• TASK DETAILS
Start with the line that holds "Nezzova™ Purple Teeth Whitening Strips". Please copy it and each remaining line below exactly, leaving pictures out.

• RECORDS FOR THE TASK
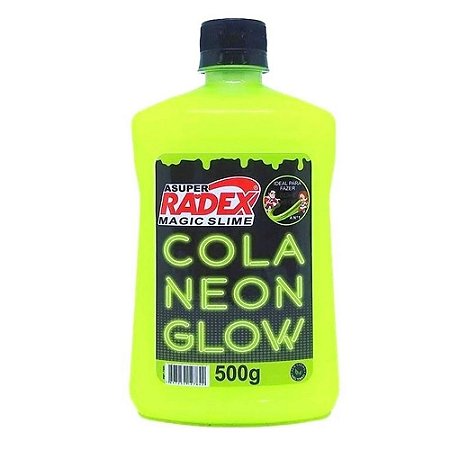 Cola Neon Glow Slime Amarela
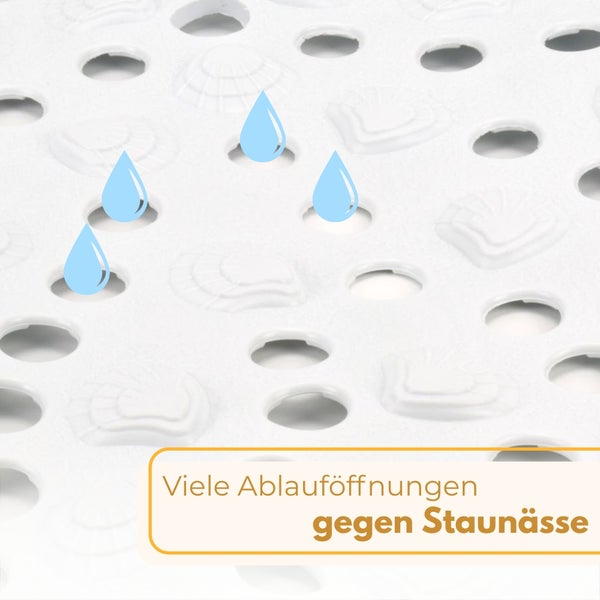 Viele Ablauföffnungen auf einer strukturierten Oberfläche gegen Staunässe.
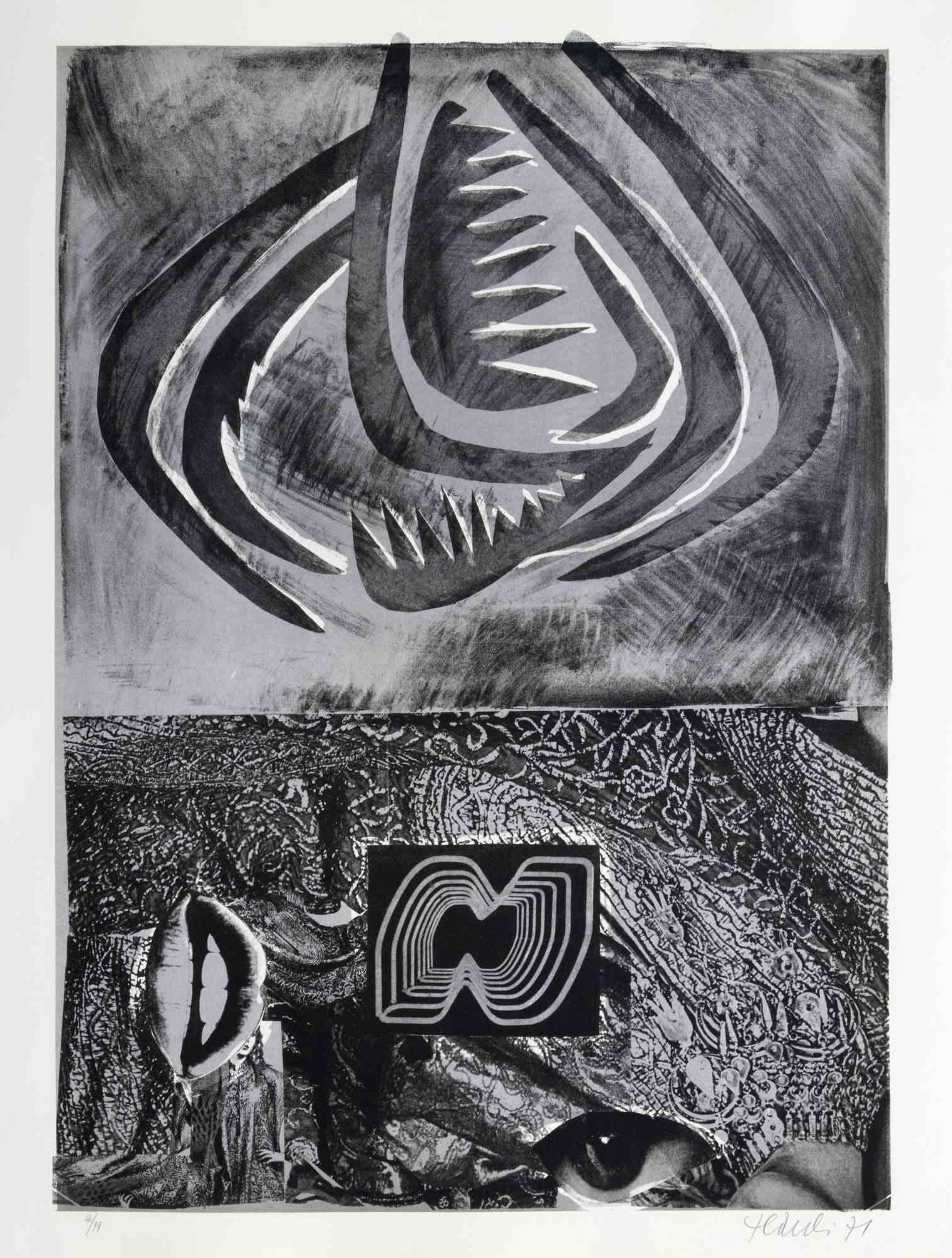 Tribal is an contemporary artwork realized by Nani Tedeschi in 1971.

Black and white lithograph.

Hand signed and dated on the lower margin.

Numbered on the lower margin.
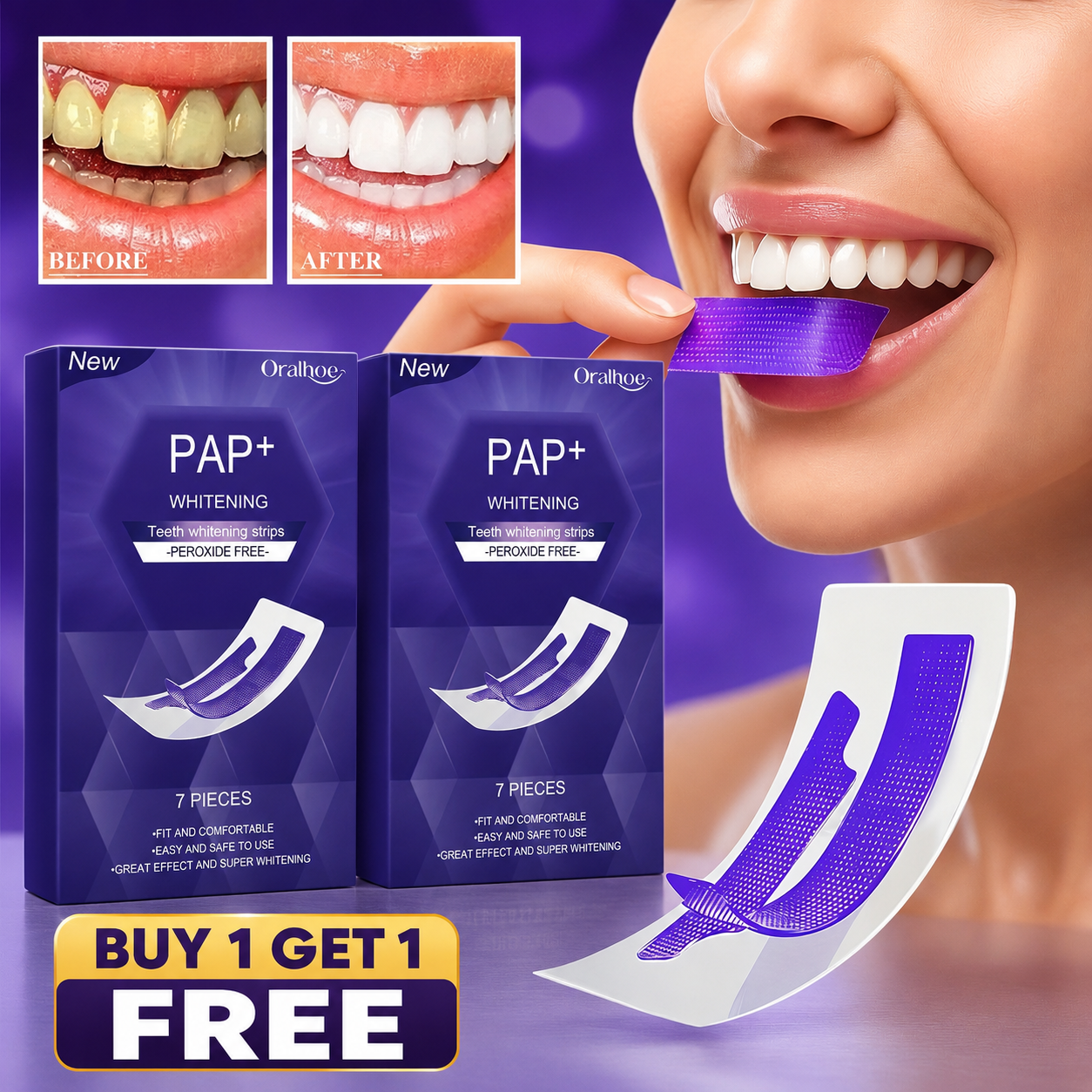 Nezzova™ Purple Teeth Whitening Strips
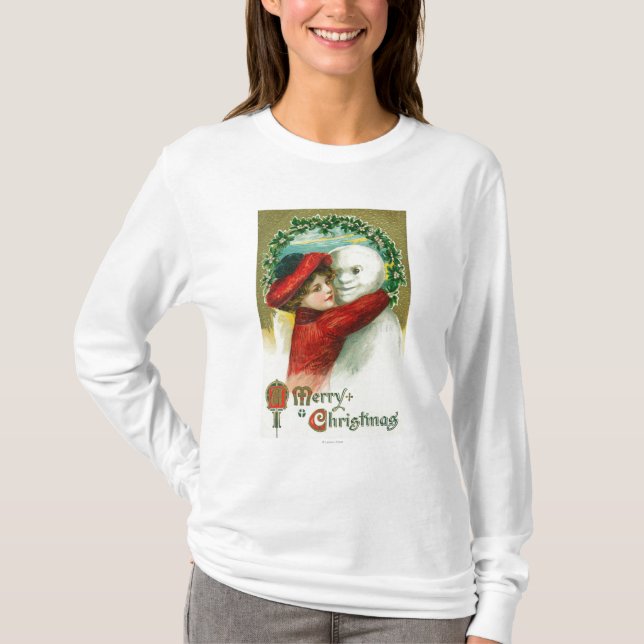 Camiseta Feliz Natal que abraça a cena do boneco de neve (Frente)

• REPLY TO THE TASK
 Nezzova™ Purple Teeth Whitening Strips
 Camiseta Feliz Natal que abraça a cena do boneco de neve (Frente)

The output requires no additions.